In the RPG it is skills rather than levels that matter to a character, and the same could be said of the upcoming game. Does it mean anything if a character is level 5 or level 50? Perhaps, but what is far more important is going to come down to where you have focused the development of your skills, or the augmentation of your body.
With that in mind, what skills could a Nomad develop or start off with, that the other two may not?
The very name implies an individual with no stable location to call home, nor perhaps even a family to associate with. They may be a wanderer, moving from place to place in an effort to survive.
Such an individual in the futuristic world of the game may be an expert at a skill we will call Scavenging, whereby nothing is left to go to waste, and everything has a purpose. This would allow them to loot more from their opponents once defeated, or simply have an easier time crafting items of use. They could also have augmentations specifically meant to survive the harsh conditions of life outside a city, particularly if the world has become warmer, or more of a wasteland like the Fallout series.

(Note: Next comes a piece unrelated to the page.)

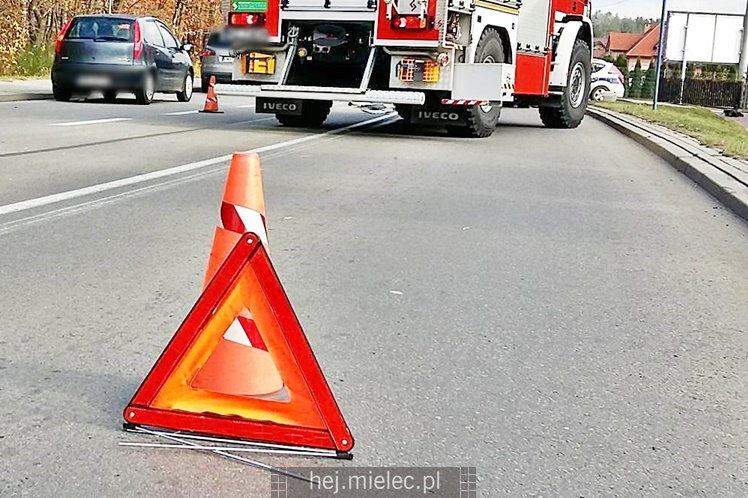 Zderzenie trzech pojazdów na Wolności! Utrudnienia!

Perhaps then the augmentations could take the form of utility rather than combat like we have seen in the game trailers so far. Imagine the functionality of a “Stillsuit” in Dune by Frank Herbert, designed to preserve the moisture of a body in a place where water is scarce and every drop counts. In this sense, augmentations for combat would be useless when you struggle to survive against nature.
Since we know little of the world in Cyberpunk 2077, there is also a distinct possibility that Normads are fierce Road Warriors ala Mad Max, not so much moving around out of necessity but because of an unquenchable desire to be on the road. This of course would call for a cosmetic variation of Mel Gibson’s original Road Warrior outfit!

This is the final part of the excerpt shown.